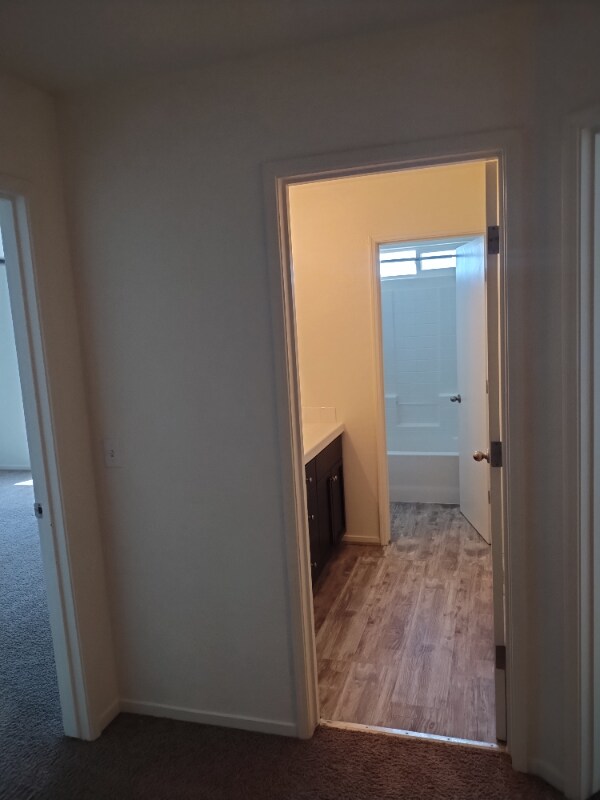 Building Photo - 1373 Manor Ave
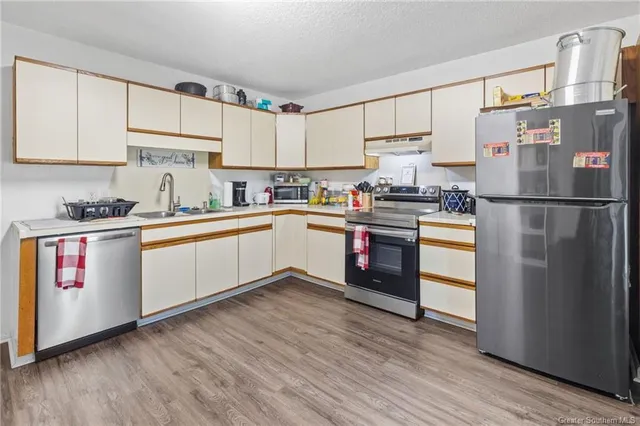 $999,900 | 408 East School Street, Lake Charles, LA 70605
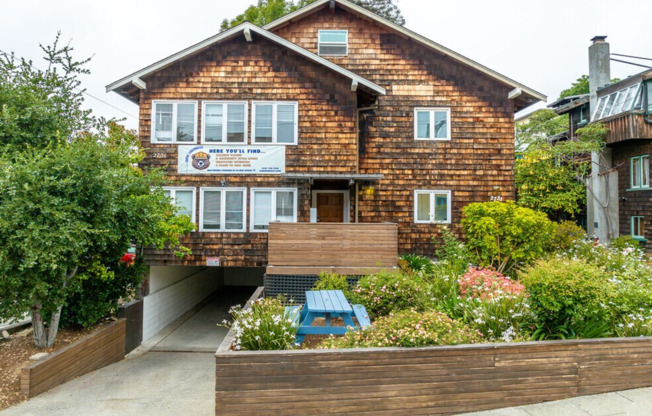 1 bed, 1 bath, 200 sqft, $1,195, Unit 6A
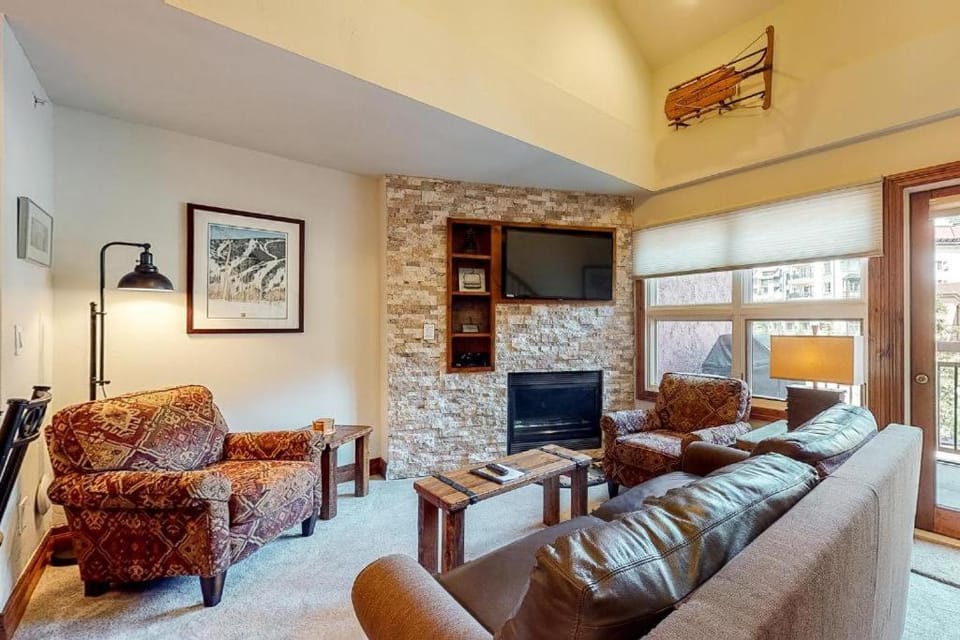 Ski In, Ski Out 1 Bedroom Condo At The Eagle Bahn Gondola Apartment in Lionshead Village Vail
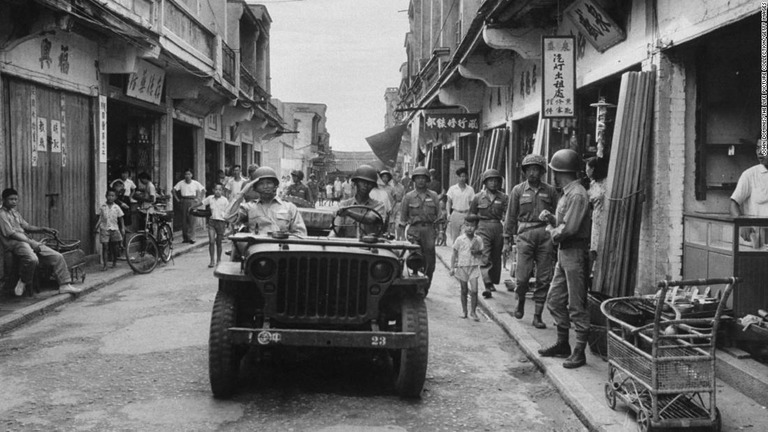 金門島の国民党の兵士。同島は１９５８年に中国から砲撃の対象となった/John Dominis/The LIFE Picture Collection/Getty Images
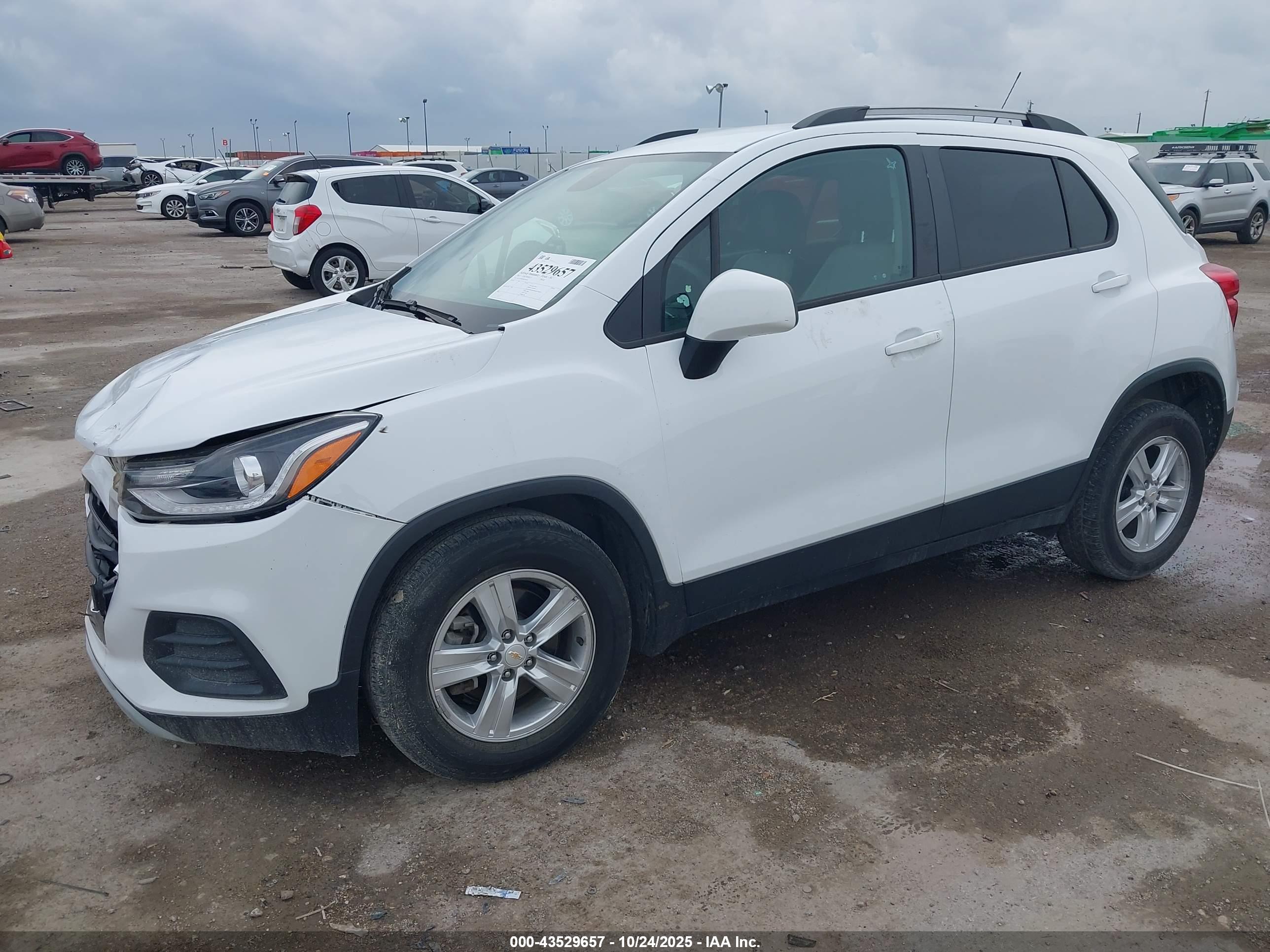 CHEVROLET TRAX image 2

--- --- ---

# [EXERCISE PROMPT]
Please give again, word for word, the lines from the one containing "Ski In, Ski" through the last line of the listing above, inclusive, and leave out pictures.

# [SOLVED PROBLEM]
 Ski In, Ski Out 1 Bedroom Condo At The Eagle Bahn Gondola Apartment in Lionshead Village Vail
 金門島の国民党の兵士。同島は１９５８年に中国から砲撃の対象となった/John Dominis/The LIFE Picture Collection/Getty Images
 CHEVROLET TRAX image 2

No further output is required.